● What is needed
With every picture left out, restate the listing below exactly as written.

● Exercise data
BEGIN

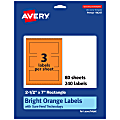 Avery® Print-To-The-Edge Labels With Sure Feed® Technology, 94247-BOP80, Rectangle, 2-1/2" x 7", Matte Bright Orange, Pack of 240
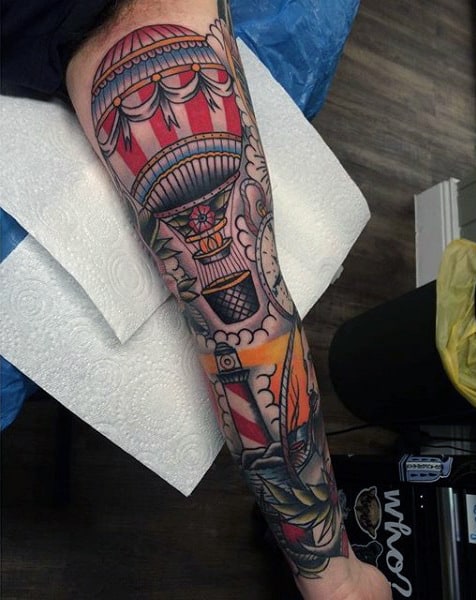 Amazing Guys Hot Air Balloon Old School Tattoo Sleeve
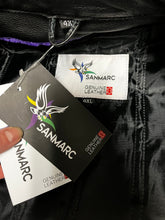 Load image into Gallery viewer, SanMarc NWT Leather Black &amp; Purple Motorcycle Jacket (Size 4XL)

END

● Solution to the problem
 Avery® Print-To-The-Edge Labels With Sure Feed® Technology, 94247-BOP80, Rectangle, 2-1/2" x 7", Matte Bright Orange, Pack of 240
 Amazing Guys Hot Air Balloon Old School Tattoo Sleeve
 Load image into Gallery viewer, SanMarc NWT Leather Black &amp; Purple Motorcycle Jacket (Size 4XL)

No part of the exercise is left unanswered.